Untangling Adobe’s API Mesh

Untangling Adobe’s API Mesh

Adobe’s API Mesh offering is pretty neat. It allows you to take any group of micro-services and knit them together into one cohesive API. You can then use this API for your whole storefront or app. Adobe’s API Mesh delivers all this API goodness in one easy-to-read GraphQL endpoint, even if your microservices use other API technologies!

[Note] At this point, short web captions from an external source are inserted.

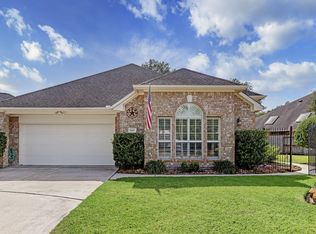 17407 Palisander Ct, Spring, TX 77388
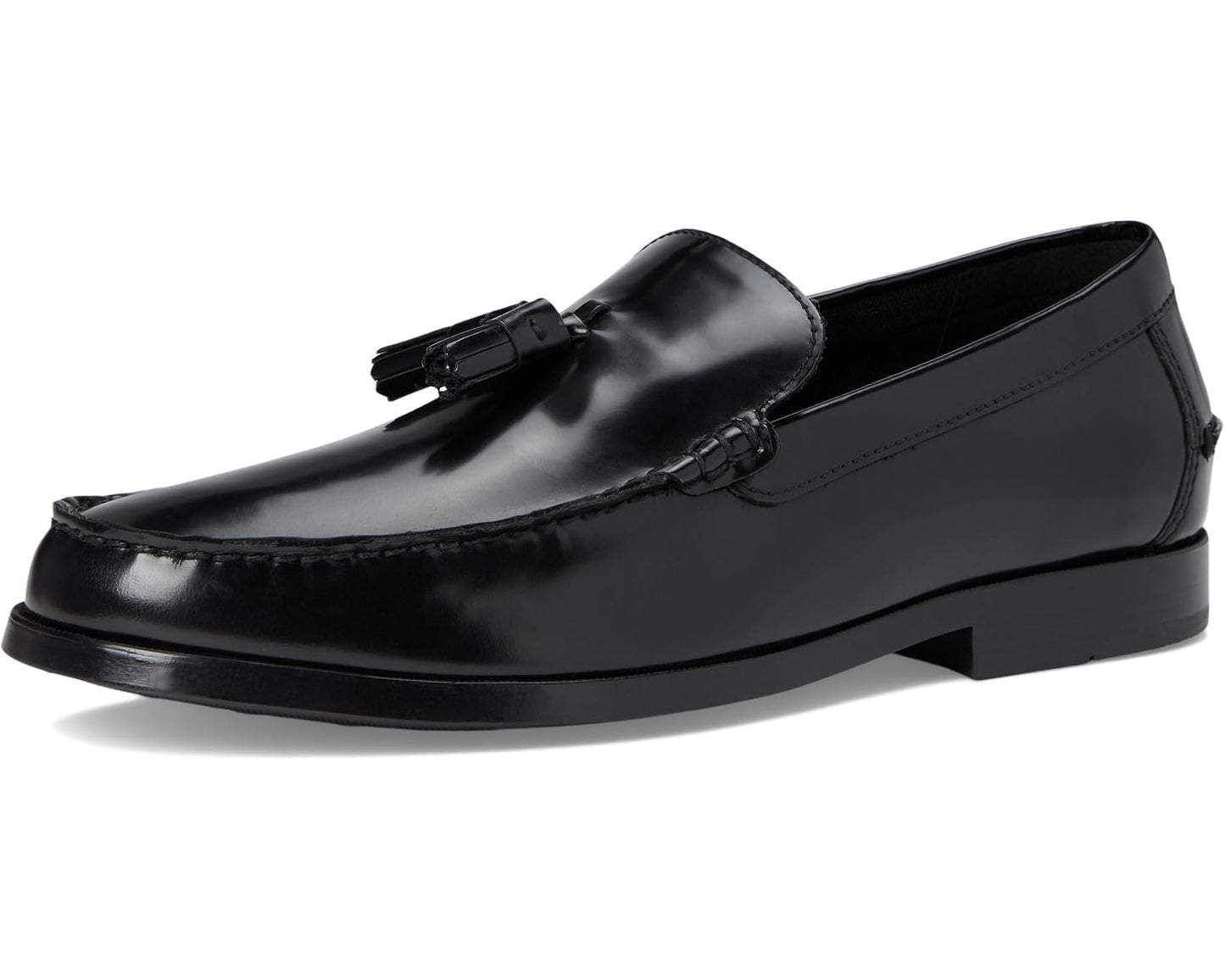 Men's Rockport Whitlaw Black Leather
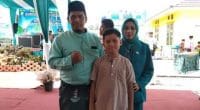 Rio Dusun Lubuk Kayu Aro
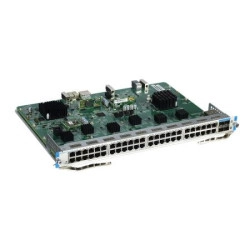 Card EA series, 48 cổng 10/100/1000 Base-T(RJ45), 4 cổng 10GE SFP+(LC) M7800C-48GT4XS-EA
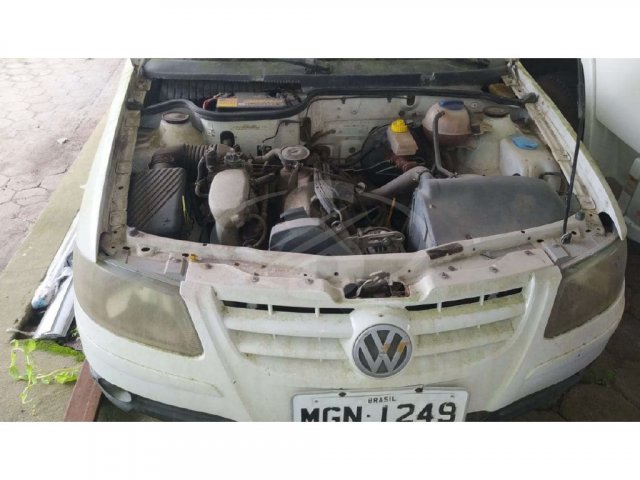 VW/SAVEIRO 1.6, 08/09 — foto do lote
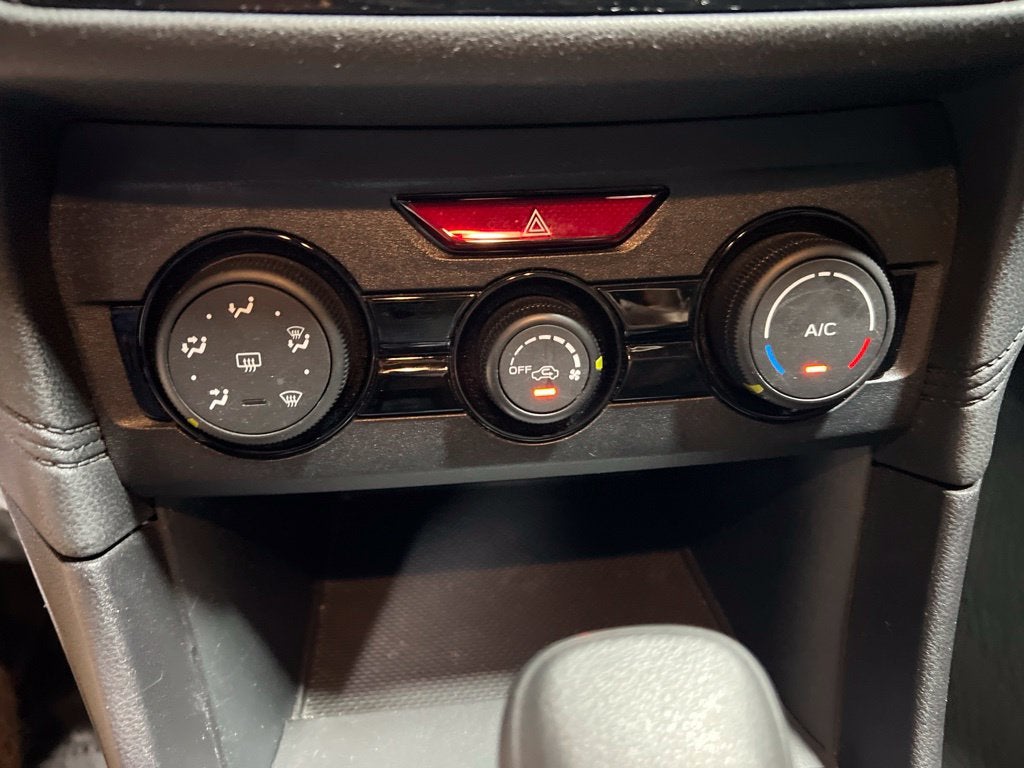 2022 Subaru Impreza Base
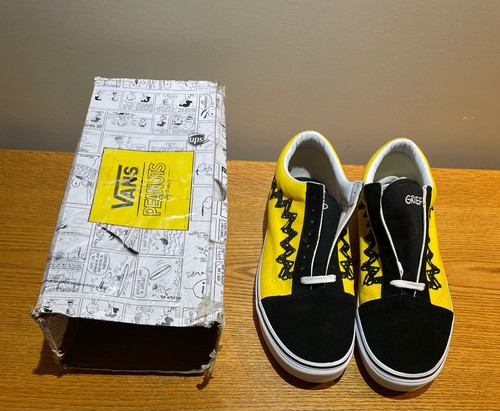 New vans old skool peanuts - vans,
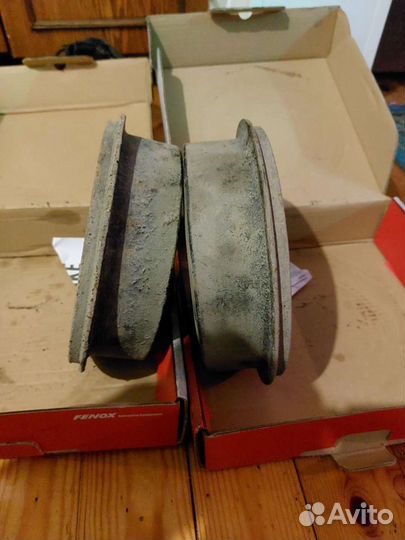 Тормозные барабаны daewoo nexia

API Mesh brings many useful advantages when it comes time to take Adobe Commerce headless or to build that highly available PWA everyone dreams of having. So it’s no wonder why they made API Mesh an internal part of Adobe Experience Cloud and their App Builder offering. App Builder and its API Mesh are starting to light the path to highly performant and scalable enterprise offerings.

API Mesh in Detail

At its core, Adobe’s API Mesh is a reverse-proxy and API Gateway. It’s intended to sit between your presentation layer and the many microservices a storefront may have behind the scenes. Like a universal translator, it can accept connections from a variety of backends speaking service languages like GraphQL or OpenAPI. These connections can be set up fairly quickly with minor configuration, which a development team can adopt and roll into their process without missing a beat. Once in place, it gives you that single GraphQL endpoint that “meshes” all these APIs into one cohesive API for your presentation layer. From here, you are free to extend the APIs using transforms which allow you to manipulate API requests and responses in transit.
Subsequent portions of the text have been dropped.